In fact, that will more likely be a happy side effect of the money, which would be put to better use developing a cleaner, greener alternative to coal, McGuinty said.

"We're not going to use the half-billion dollars to deal with the coal plants specifically themselves,'' he said, adding that ending Ontario's dependence on coal remains a high priority for the governing Liberals.

"We will close the coal-fired plants as quickly as we can.''

Harper suggested Tuesday the money might go toward building an east-west transmission project that would allow Ontario to import cleaner hydroelectric power from Manitoba.

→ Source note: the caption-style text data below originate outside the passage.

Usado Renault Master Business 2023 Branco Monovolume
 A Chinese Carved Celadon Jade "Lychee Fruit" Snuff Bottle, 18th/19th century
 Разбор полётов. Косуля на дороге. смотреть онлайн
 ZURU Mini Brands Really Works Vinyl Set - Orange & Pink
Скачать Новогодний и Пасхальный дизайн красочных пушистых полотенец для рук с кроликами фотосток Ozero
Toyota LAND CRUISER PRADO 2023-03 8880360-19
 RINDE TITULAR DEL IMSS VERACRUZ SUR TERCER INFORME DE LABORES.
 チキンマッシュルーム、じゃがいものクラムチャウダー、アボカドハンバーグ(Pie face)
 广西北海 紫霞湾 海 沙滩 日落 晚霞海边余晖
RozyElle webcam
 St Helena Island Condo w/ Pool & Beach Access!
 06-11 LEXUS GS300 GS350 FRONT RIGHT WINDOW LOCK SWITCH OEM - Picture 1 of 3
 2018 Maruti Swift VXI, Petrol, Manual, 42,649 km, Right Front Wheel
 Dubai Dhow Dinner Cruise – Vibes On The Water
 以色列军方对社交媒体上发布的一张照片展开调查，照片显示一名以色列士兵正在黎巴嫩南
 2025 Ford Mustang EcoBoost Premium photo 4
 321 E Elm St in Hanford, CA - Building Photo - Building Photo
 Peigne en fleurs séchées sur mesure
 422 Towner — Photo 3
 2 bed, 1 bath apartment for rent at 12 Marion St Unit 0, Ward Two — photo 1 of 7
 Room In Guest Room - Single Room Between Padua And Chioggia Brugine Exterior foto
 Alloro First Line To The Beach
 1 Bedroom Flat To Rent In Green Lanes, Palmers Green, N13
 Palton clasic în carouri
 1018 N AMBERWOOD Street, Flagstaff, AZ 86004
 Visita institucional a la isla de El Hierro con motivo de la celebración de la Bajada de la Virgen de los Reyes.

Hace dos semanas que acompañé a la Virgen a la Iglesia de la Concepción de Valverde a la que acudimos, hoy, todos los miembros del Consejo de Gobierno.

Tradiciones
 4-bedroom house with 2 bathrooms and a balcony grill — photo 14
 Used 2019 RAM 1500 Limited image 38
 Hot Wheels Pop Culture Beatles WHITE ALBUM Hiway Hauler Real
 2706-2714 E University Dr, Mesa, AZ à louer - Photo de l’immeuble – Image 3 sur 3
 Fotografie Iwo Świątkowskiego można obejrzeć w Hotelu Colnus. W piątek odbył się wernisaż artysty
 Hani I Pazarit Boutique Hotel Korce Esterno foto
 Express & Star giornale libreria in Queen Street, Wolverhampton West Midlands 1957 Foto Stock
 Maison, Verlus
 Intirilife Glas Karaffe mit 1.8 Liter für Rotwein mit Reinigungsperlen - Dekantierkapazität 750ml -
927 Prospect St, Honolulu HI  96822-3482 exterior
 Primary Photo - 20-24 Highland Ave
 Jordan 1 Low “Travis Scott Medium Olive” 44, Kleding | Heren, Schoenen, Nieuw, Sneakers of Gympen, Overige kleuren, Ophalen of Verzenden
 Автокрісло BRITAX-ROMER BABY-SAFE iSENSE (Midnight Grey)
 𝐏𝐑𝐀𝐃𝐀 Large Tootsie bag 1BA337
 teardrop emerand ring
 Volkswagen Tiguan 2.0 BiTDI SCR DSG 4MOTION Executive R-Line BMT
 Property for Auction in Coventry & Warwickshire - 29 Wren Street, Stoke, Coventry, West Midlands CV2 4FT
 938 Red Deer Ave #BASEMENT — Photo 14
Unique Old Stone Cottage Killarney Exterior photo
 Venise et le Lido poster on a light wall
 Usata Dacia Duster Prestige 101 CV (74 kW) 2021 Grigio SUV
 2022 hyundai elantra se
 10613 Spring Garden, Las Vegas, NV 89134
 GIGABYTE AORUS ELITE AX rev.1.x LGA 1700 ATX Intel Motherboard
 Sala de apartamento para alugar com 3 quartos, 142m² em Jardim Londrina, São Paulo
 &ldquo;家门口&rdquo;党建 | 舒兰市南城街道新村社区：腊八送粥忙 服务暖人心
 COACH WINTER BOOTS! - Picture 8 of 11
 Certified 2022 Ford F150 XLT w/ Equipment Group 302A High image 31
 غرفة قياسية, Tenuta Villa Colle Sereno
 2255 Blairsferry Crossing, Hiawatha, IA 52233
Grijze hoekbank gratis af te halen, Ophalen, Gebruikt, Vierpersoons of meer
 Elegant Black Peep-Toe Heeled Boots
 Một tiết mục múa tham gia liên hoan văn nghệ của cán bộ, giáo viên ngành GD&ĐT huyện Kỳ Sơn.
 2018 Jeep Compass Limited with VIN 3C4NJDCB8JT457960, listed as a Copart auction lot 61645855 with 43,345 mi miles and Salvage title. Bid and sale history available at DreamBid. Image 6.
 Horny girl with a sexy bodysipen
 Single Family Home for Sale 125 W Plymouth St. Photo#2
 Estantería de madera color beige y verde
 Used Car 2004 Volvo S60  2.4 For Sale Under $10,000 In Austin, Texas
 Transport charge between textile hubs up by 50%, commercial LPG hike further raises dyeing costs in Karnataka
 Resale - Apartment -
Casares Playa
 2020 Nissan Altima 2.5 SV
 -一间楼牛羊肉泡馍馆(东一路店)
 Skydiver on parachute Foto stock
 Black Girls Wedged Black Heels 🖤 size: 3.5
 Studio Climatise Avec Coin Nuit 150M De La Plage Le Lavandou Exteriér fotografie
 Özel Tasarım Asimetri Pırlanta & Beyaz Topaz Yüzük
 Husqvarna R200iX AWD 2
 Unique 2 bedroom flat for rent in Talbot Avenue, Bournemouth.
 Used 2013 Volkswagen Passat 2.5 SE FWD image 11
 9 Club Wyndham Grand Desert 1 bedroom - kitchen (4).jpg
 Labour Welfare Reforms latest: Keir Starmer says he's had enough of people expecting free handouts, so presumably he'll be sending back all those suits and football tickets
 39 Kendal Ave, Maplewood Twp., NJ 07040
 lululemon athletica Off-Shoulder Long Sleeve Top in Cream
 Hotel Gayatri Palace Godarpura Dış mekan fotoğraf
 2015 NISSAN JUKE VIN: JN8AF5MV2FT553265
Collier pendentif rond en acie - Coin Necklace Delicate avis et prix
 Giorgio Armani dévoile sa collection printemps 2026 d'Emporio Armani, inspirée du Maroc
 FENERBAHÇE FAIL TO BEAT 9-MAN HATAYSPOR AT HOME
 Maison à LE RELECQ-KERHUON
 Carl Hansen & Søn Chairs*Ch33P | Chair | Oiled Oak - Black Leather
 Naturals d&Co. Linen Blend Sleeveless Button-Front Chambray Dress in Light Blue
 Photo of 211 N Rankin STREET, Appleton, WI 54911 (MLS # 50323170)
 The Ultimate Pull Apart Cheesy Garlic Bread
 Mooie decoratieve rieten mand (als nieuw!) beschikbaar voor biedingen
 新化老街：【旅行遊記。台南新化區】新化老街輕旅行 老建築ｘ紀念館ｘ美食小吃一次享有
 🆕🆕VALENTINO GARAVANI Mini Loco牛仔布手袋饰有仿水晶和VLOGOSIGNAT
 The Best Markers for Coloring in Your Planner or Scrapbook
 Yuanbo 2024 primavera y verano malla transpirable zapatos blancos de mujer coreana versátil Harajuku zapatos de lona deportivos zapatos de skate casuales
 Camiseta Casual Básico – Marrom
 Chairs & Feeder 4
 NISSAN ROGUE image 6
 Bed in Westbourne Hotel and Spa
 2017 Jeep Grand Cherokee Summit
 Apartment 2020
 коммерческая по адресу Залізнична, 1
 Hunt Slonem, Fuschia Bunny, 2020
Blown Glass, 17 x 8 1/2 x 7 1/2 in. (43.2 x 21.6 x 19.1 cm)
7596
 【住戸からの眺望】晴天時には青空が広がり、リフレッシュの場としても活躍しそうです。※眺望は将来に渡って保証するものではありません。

A spokesman for Energy Minister Dwight Duncan said the province plans to release a new climate change plan in the spring, and would only say that the federal money would be used to help finance a portion of that plan.

Outfitting the coal plants with scrubbers -- technology which helps to reduce the environmental impact of burning coal by lowering emissions -- doesn't make much sense when the plants are slated for closure, McGuinty said.

The chief executive of Ontario Power Generation has said it would cost $1.5 billion over four years to outfit all of Ontario's coal-fired electricity stations with scrubbers, which does not make economic sense if the plants are taken offline in 2014 as scheduled.

"That decision has not been made yet, but right now it would appear that is not the most sensible or practical thing to do,'' McGuinty said.

Conservative Leader John Tory said McGuinty's own arguments against the plants -- the Liberals promised in 2003 to close them by the end of their first mandate -- strongly support the idea of buying scrubbers.

"I think the premier might want to read some of his own words where he pointed out more than 500 people a year were (dying prematurely) because of the emissions coming from the coal plants,'' Tory said.

The plants have been blamed for hundreds of millions of dollars a year in health-care costs, he added.

Tom Adams of the energy research group Energy Probe agreed scrubbers may not be as bad an idea as the Liberals seem to think they are.

"That has been the official position of the Ontario government going back into the 1980s -- that we're about to get rid of coal so there's no point in making investments to clean the coal up,'' Adams said.

"As a consequence, we've been operating coal plants without modern pollution control equipment all this time, and we do that today.''

Adams said he's still skeptical the government will phase out coal by its latest target, given that natural gas prices are on the rise and previous targets have been missed.

McGuinty admitted it will take time to completely phase out coal, but continued to insist Ontario stands apart from other jurisdictions -- Alberta, British Columbia, the United States, India, China -- where the use of coal is increasing, not declining.

He said his consultations with economist Nicholas Stern, who wrote a landmark report on climate change for the British government, led him to conclude Ontario is the only jurisdiction in the world committed to phasing out coal-fired production.

"I asked him specifically, `Is there any other jurisdiction to your knowledge on the face of the planet where they're phasing out coal?' He said no, to his knowledge there was not. That makes us a leader,'' McGuinty said.

"Let's not take our eyes off the fact that when it comes to the world, we are the leader. We are phasing out coal-fired generation at a time when hundreds of other coal plants are going to be opened.''

New Democrat Leader Howard Hampton said it's hard for Ontario to call itself a leader when other provinces, such as Quebec and Manitoba, are already coal-free.

McGuinty has said in the past that the plants could be closed more quickly with Ottawa's help, Hampton said.

"Now he's received (almost) $600 million and gee, he's breaking his promise again,'' Hampton sneered.